Navigation

The QNX CAR platform includes the Elektrobit (EB) street director navigation software. Both the HTML5 and Qt5 HMI versions include a navigation front end that accesses the EB navigation engine through the platform's native navigation service.

The native navigation service can communicate with any navigation engine running on the system. This design allows you to install and use software from multiple vendors and reconfigure your system to use a particular navigation engine without impacting your HMI apps. For more information, see "Navigation Engine" in the System Services Reference.

The navigation subsystem design for the two HMI versions is shown this diagram:

Figure 1. Architecture of navigation subsystems in HTML5 and Qt5 HMIs

The native navigation service publishes information to a PPS object, making details about the route available to other applications. For example, trip information can be made available to the weather application, which can then display the weather forecast for the estimated arrival time at the destination. The car.navigation plugin provides HTML5 applications with navigation status, which it reads from PPS. For Qt5 applications, the QtQnxCar2 and QPPS libraries wrap the PPS objects and provides functions for reading navigation information.

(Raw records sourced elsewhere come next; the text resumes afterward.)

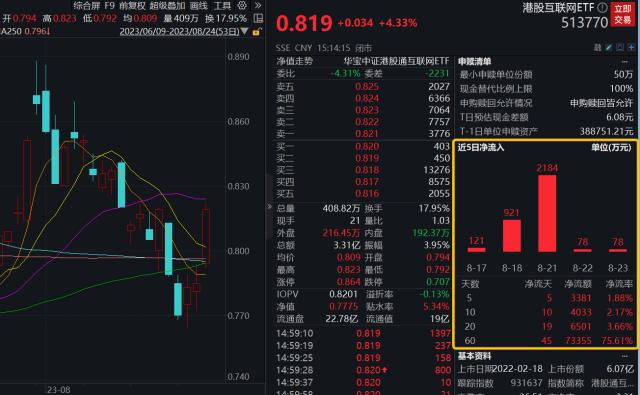 科网龙头组团爆拉，恒指收复万八关口！港股互联网ETF（513770）大涨4.33%录得3连阳，反弹能否持续？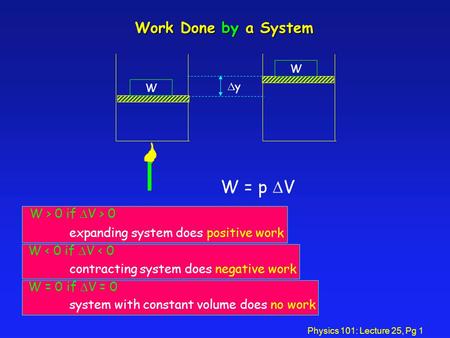 Physics 101: Lecture 25, Pg 1 Work Done by a System W W yy W = p  V W > 0 if  V > 0 expanding system does positive work W < 0 if  V < 0 contracting.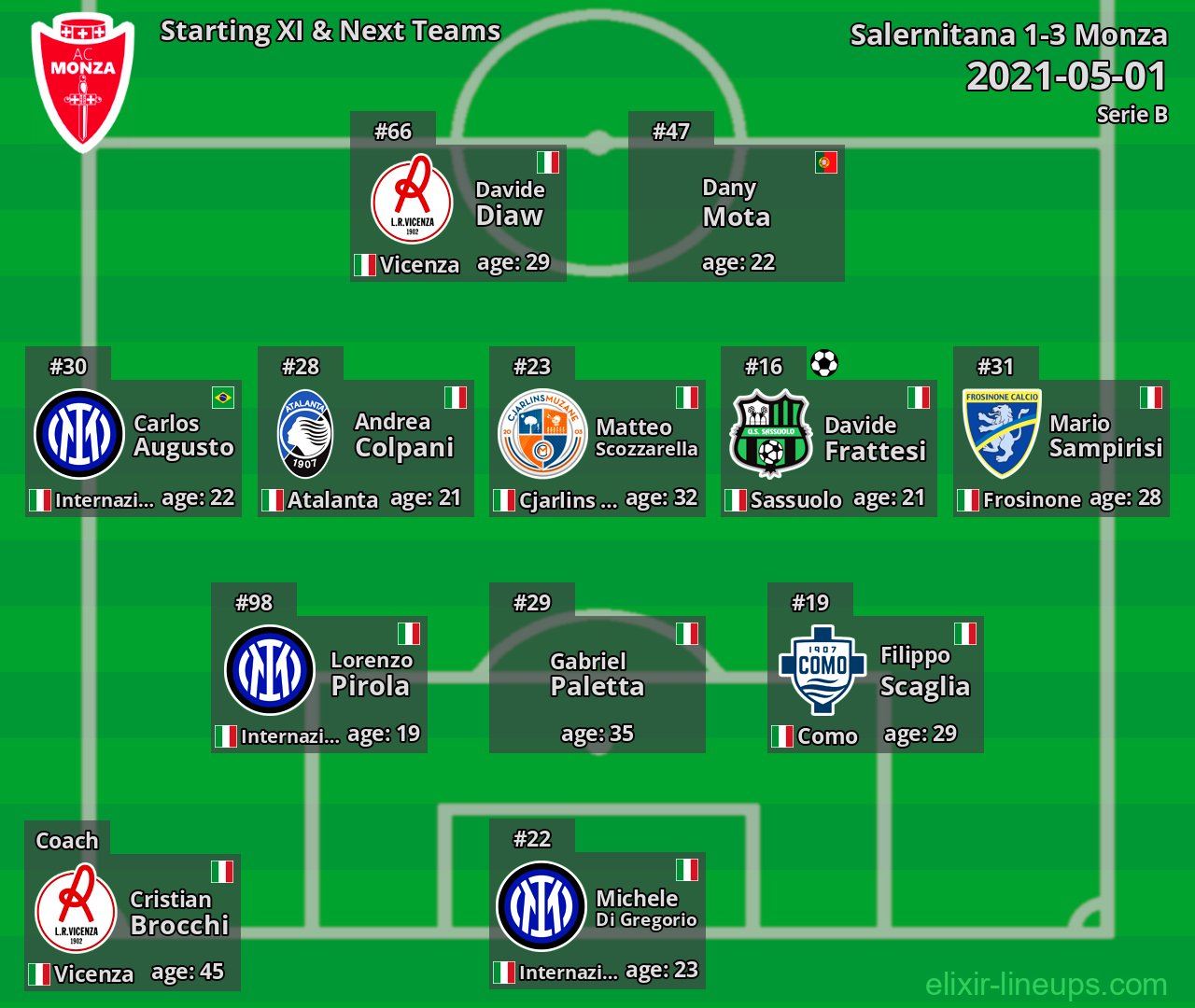 Monza Starting XI & Next Teams 2021-05-01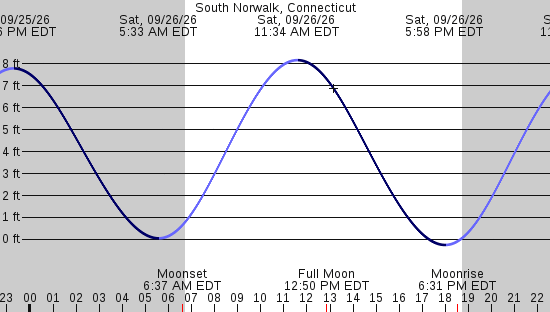 tide graph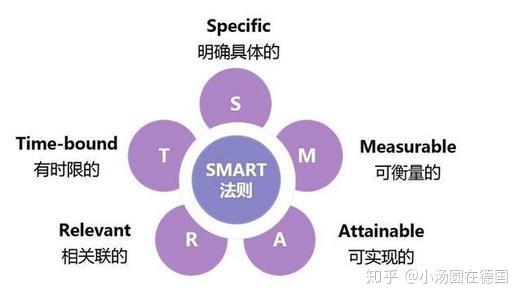 smart目标管理育儿法:收服"神兽"六步走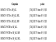 Table 4.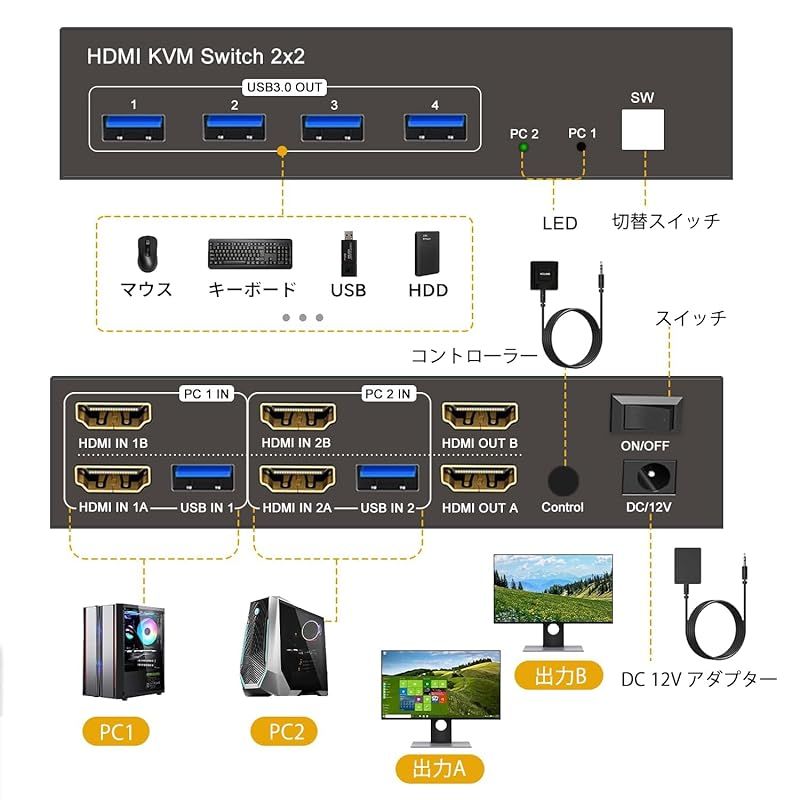 デュアルモニター 同時出力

When the user directs the navigation system to a Point of Interest (POI) or asks to search a city, province, state, or country for a particular POI, the HMI writes to the navigation control PPS object by using either the JavaScript plugin or the Qt-supporting libraries, depending on which HMI version is in use.

When the native navigation service reads a request from the control PPS object, it forwards the request to the EB SDK. Once the EB SDK returns the results, the native navigation service updates the same PPS object to notify the sender of the request about the request's completion. The service also writes the results to a database, so subscribers that receive the notification can then read the results from the database. In the HTML5 HMI, subscribers access the database through the SQL plugin, which runs within the browser engine. In the Qt5 HMI, subscribers access the database through the QtQnxCar2 library, which runs within the Qt runtime environment.